I sputter on my own drink, even though the bourbon is smooth as honey. “Nothing. I ain’t riled up over anything, ain’t irritated in the least.”
Her face says ‘doubt it’ loud and clear. “How’s Mike?”
I swear to God, butter would not melt in this woman’s mouth and a pit bull would lose his bone to her determination.
“Fine. Working third shift and can’t coach anymore, which you apparently already know. One of the moms took over as head coach.” My voice gives nothing away, and my hand is steady as I take another sip.
“How’s your Allyson handling that? How’re you doing with it?” She’s looking at the sky so hard she could probably count the stars, but I feel like her real attention is all on me.
How does she even know Allyson’s name? I sure as shit didn’t tell her. It’s then I remember Bobby’s dinner ‘oops’. That boy couldn’t keep his mouth shut even with duct tape. I’m guessing he’s the one who told her Allyson is my co-coach too.
“First off, she ain’t my Allyson, not my anything,” I spit out with more venom than I intend. “And we’re doing just fine.”
Even I don’t believe that, not after yesterday.
Practice went so well, or mostly so, other than the hiccup with the tackle, and even afterward, we’d flirted and talked like .
. . old friends. It’d been comfortable. I liked her giving me shit, loved her body so close to mine that I could smell the blend of her floral perfume and sweet sweat.
And then that’d all gone to hell in a handbasket again.
Cheat on her? Goddamn, that girl had me spun around her finger so tight I didn’t know my ass from my elbow. I never would’ve cheated on her. I was doing everything I could to be worthy of her.
I realize too late that I’ve been silent too long. Mama Louise can see right through me or maybe even hear my thoughts with how loudly I’m thinking them.
“You can talk to me, you know?” she says quietly and then waits.
Maybe she’s magic, maybe this tea is stronger than I think, or maybe I just needed this right now, but I do talk to her. Like a cork popped off the champagne bottle of my emotions, I spill everything.

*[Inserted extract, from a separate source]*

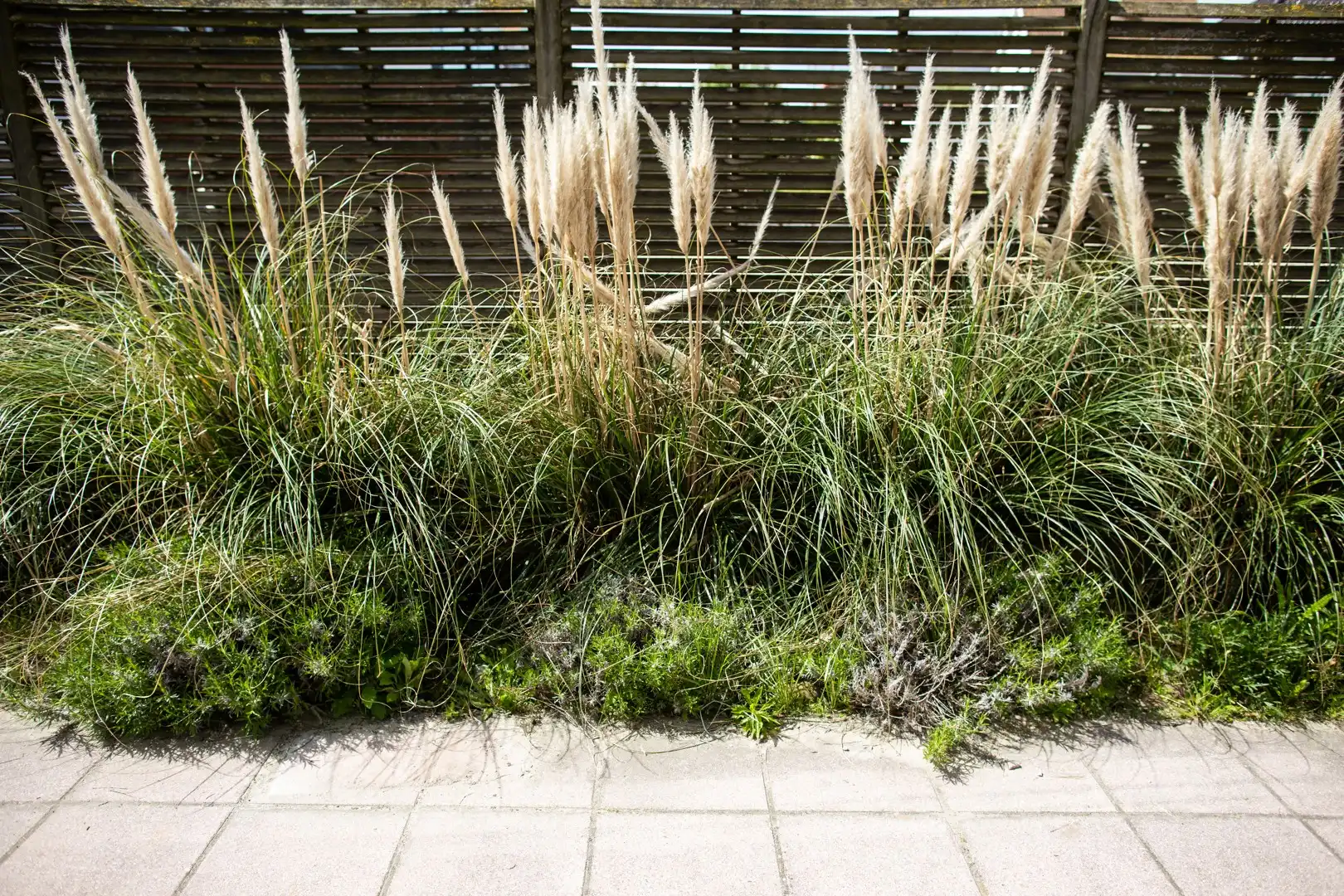 Alleenstaande villa met unieke signatuur in de rustige Strandwijk van Zeebrugge foto 35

I tell her about Allyson and me in high school and all our plans and dreams. I tell her about how much I loved her and wanted to do right by her.
I explain that there was some misunderstanding, but we were too stubborn and stupid to just talk it through.
I tell her about going to see Al at school and seeing her with that fucking khakis guy who married her and gave her the baby I always wanted to have with her.
And finally, I tell her that I think something went wrong with Allyson’s marriage, that she’d said she’d had to save herself.
I dump it all out, purging the poison from my soul. Mama Louise sits there, sipping her tea and listening. Even as I rage and admit that I want to find this fuckwit, Jeremy, and peel him open with my bare hands for hurting Allyson.